Lubang besar terakhir yang sangat saya rasakan adalah pencampuradukkan behave yang membuat film menjadi tidak terkesan nyata. Penciptaan karakter baru bagi Fikri oleh Reza adalah hal yang sangat baik, sayangnya tidak didukung oleh behave karakter lain yang menyesuaikan. Misalnya masalah "pengkhitbahan" yang dilakukan Fikri. Menurut saya adegan khitbah melalui telepon menjadi cheesy, membuat saya "malu" menontonnya, bukan "malu-malu". Dengan karakter Fikri, saya lebih memilih penggunaan kata "saya lamar kamu" atau "would you marry me?" dibandingkan khitbah. Toh artinya sama saja, khitbah/melamar/propose. Mungkin ini agar memuaskan penonton yang memiliki interpretasi Islami dalam film ini. Tapi toh di jembatan kampus, Fikri dan Lena berpelukan??
Atau saat Lena meminta cerai dengan suaminya karena dasar tidak cinta. Bagaimanapun, mereka adalah suami istri yang sah.

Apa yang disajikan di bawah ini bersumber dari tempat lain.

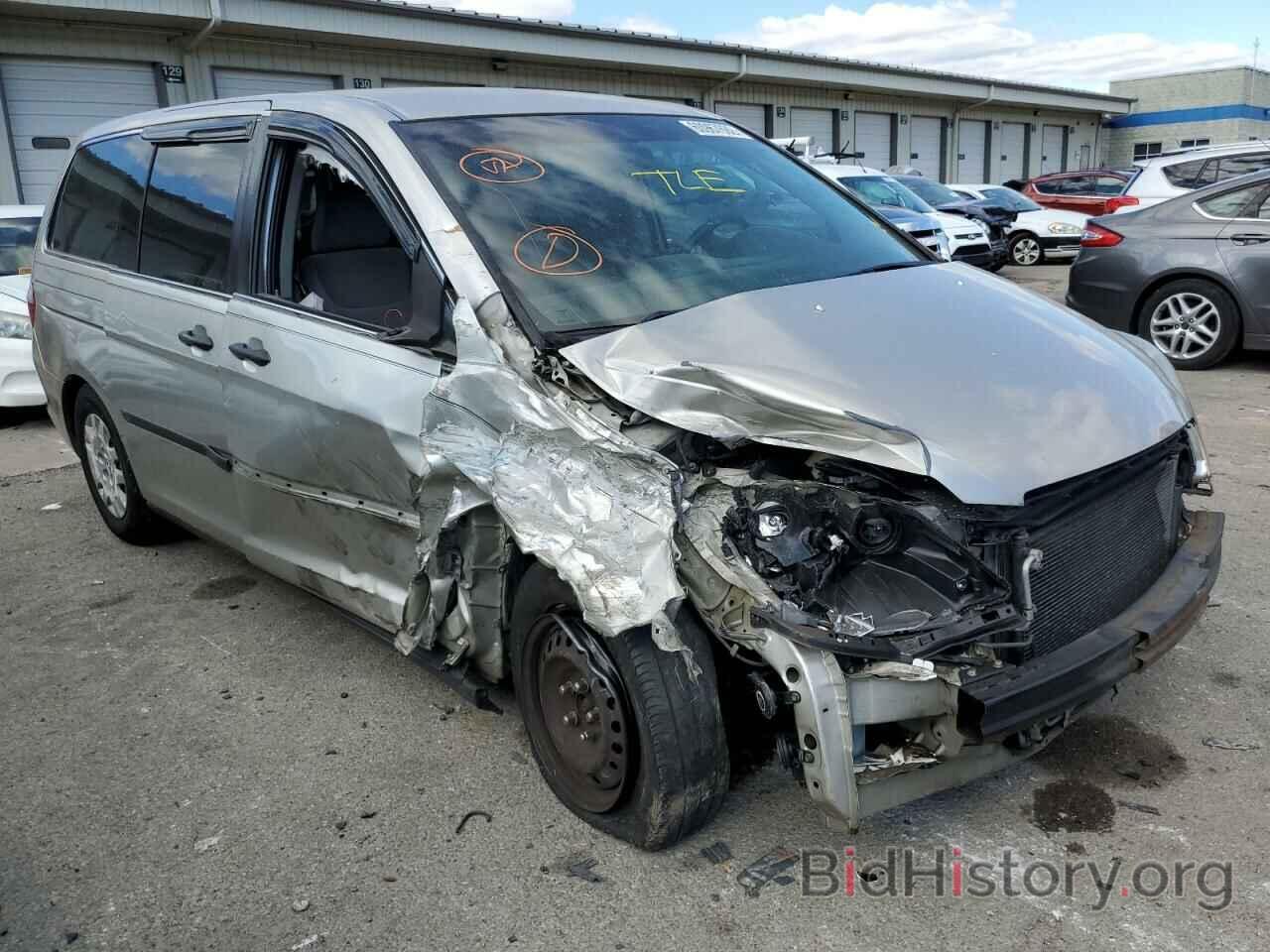 Photo 5FNRL38297B006199 - HONDA ODYSSEY 2007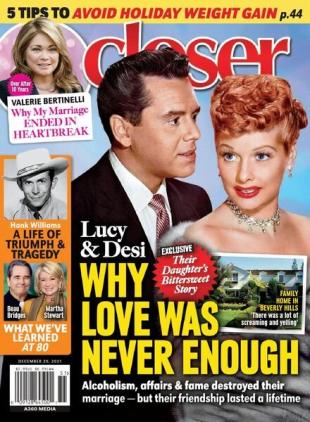 Closer USA - December 20, 2021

Penampakan Lena dan suaminya semestinya bisa sewajarnya saja, ditunjukkan juga sikap saling menghargai dan mencoba memberikan cinta.

Dalam kata lain, penggunaan behavior Islami yang setengah-setengah malah bikin geli buat saya. Andaikan adegan-adegan percintaanya dibuat wajar saja dengan kehidupan yang ada, mungkin akan lebih manis, toh dari awal memang dibuat berbeda dengan novelnya.

Overall...

Review saya terhadap film ini, adalah film yang layak untuk ditonton. Tapi jangan terlalu berharap dengan sisi hiburan dan subliminal messagenya. Datanglah, tonton dan nikmati seadanya.